Côtoyer une personnalité expérimentée comme celle de Bridgewater, développer la flexibilité nécessaire pour aborder les différentes et prestigieuses dates européennes avec la bonne show(wo)manship, ont clairement donné à la contrebassiste une grande conscience, à tel point que Bridgewater a également souhaité l’avoir à ses côtés dans son prochain projet live européen, le quartet entièrement féminin qui s’est produit à l’automne 2022.
Une expérience qui ne pouvait manquer d’influencer la musique de Rosa à court terme : « Les sonorités acquises au cours de la dernière année de concerts avec Dee Dee Bridgewater, ainsi que celles du nonet international Elephantine de Maurice Louca, du quartet Sounds Like Freedom, de nouvelles collaborations avec Yazz Ahmed, le duo Hoodya avec Camilla Battaglia, et la plus récente expérience de résidence à la Montreux Jazz Academy avec Gilles Peterson, Chico Freeman, Chelsea Carmichael et Soweto Kinch, façonnent le son de mon nouveau répertoire, dont les enregistrements mettront en lumière les connaissances acquises pendant cette période prospère ».

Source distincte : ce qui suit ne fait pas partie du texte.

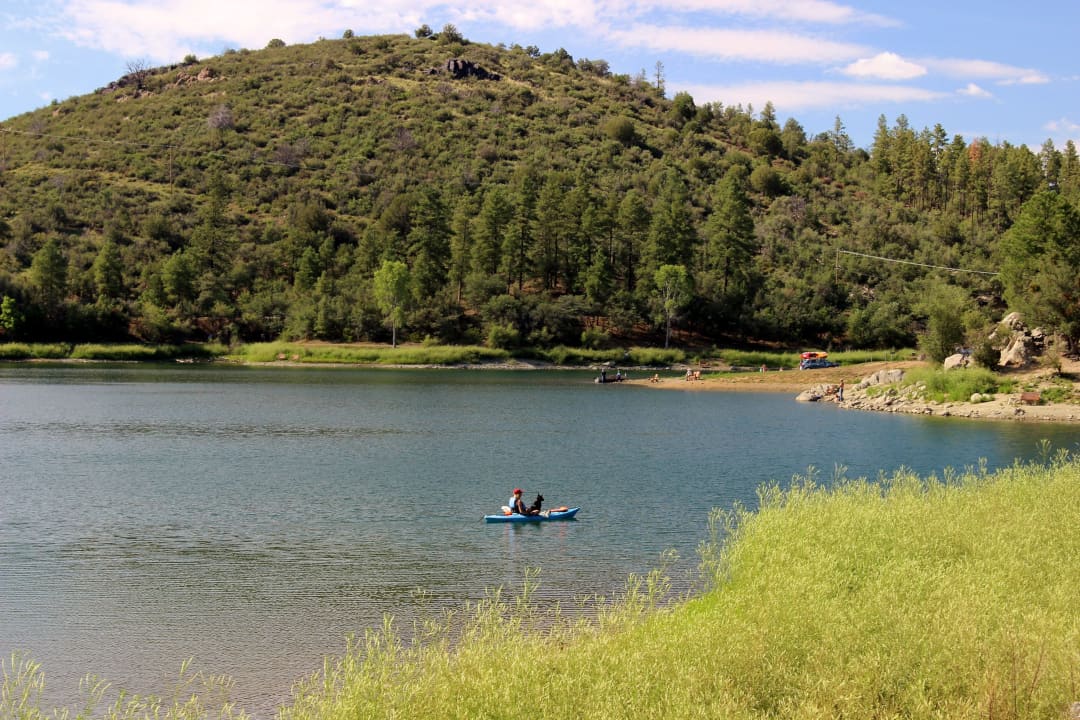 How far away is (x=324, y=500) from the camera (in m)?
30.1

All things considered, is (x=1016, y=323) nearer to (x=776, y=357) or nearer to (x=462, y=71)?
(x=776, y=357)

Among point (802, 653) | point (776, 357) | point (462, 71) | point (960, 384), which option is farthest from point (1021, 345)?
point (462, 71)

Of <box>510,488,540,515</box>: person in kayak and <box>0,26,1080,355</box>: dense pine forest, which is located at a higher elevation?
<box>0,26,1080,355</box>: dense pine forest

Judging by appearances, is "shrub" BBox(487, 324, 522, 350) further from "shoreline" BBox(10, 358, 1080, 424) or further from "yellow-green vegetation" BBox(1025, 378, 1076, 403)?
"yellow-green vegetation" BBox(1025, 378, 1076, 403)

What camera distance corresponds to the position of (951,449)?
41969 mm

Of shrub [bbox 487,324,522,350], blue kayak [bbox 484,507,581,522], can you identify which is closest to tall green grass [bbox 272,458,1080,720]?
blue kayak [bbox 484,507,581,522]

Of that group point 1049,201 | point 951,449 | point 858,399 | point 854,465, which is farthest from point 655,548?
point 1049,201

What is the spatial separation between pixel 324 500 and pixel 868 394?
48970mm

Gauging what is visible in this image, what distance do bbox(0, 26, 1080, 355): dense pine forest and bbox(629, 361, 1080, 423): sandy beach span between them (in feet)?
16.6

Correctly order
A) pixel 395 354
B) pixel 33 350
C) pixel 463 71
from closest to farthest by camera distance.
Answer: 1. pixel 33 350
2. pixel 395 354
3. pixel 463 71

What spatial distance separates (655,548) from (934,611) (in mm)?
10694

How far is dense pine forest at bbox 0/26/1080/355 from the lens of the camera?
340ft

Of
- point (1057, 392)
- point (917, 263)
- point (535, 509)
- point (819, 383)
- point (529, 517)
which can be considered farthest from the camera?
point (917, 263)

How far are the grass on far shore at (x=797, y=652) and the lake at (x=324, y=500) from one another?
2371mm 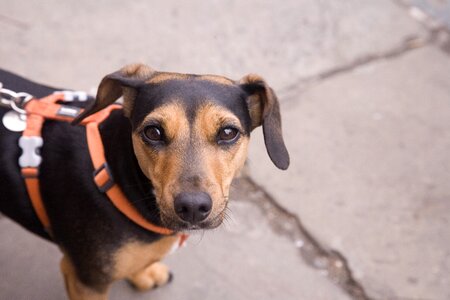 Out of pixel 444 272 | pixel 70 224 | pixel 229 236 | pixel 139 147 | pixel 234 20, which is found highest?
pixel 139 147

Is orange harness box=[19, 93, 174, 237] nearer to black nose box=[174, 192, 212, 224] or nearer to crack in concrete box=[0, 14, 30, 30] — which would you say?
black nose box=[174, 192, 212, 224]

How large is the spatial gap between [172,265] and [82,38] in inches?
91.0

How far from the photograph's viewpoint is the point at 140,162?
2695 mm

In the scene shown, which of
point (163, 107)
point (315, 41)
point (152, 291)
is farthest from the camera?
point (315, 41)

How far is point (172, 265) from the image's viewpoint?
381cm

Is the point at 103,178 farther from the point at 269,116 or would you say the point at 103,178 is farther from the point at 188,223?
the point at 269,116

Vers la fin de notre conversation avec Rosa Brunello, nous lui demandons, puisque nous parlons de sorties de disques, ce que cela signifie pour elle d’enregistrer pour un label nouveau et transversal comme Domanda Music de Tommaso Cappellato. Sa réponse, forcément, est très humaniste.

"C’est collaborer avec un ami pour lequel j’ai énormément d’estime et de respect et avec lequel je partage des goûts et des horizons musicaux. Il a été très naturel et facile de travailler ensemble, de partager la conception du disque, le travail en studio et le travail ultérieur. Tommaso est une référence constante dans mon parcours artistique, une personne sur laquelle je peux compter et me reposer.
Je suis heureuse de faire partie d’un nouveau label indépendant, qui soutient et promeut ses artistes avec dévouement et enthousiasme, avec une vision ouverte et transversale de la musique, et qui inclut, en plus de mon disque, d’autres musiciens et de merveilleux projets auxquels je me sens liée
".

Ainsi, pour en revenir au sentiment de nouveauté que Rosa Brunello transmet à chacune de ses aventures, on ne sera pas surpris de trouver son nom parmi les votes majoritaires dans la catégorie « nouveaux talents » du Top Jazz Poll 2022 du magazine Musica Jazz. D’aucuns, avec un peu de cynisme, pourraient attribuer ce résultat à la méconnaissance de l’actualité de certains votants (puisque Brunello a maintenant plus de 35 ans et, comme nous l’avons dit, est active depuis une décennie), mais nous préférons penser que c’est sa capacité à se renouveler de manière toujours originale qui nous fait la percevoir chaque jour comme une nouveauté à découvrir.

par Enrico Bettinello (Giornale della Musica) // Publié le 5 mars 2023
P.-S. :

Cet article est publié simultanément dans les magazines européens suivants, à l’occasion de « Now’s the Time » une opération de mise en avant des jeunes musiciennes de jazz et blues : Citizen Jazz (Fr), JazzMania (Be), Jazz’halo (Be), London Jazz News (UK), Jazz-Fun (DE), Giornale della musica (IT), Written in Music (NL) et Donos Kulturalny (PL).

This article is co-published simultaneously in the following European magazines, as part of « Now’s the Time » an operation to highlight young jazz and blues female musicians : Citizen Jazz (Fr), JazzMania (Be), Jazz’halo (Be), LondonJazz News (UK), Jazz-Fun (DE), Giornale della musica (IT), Written in Music (NL) and Donos Kulturalny (PL).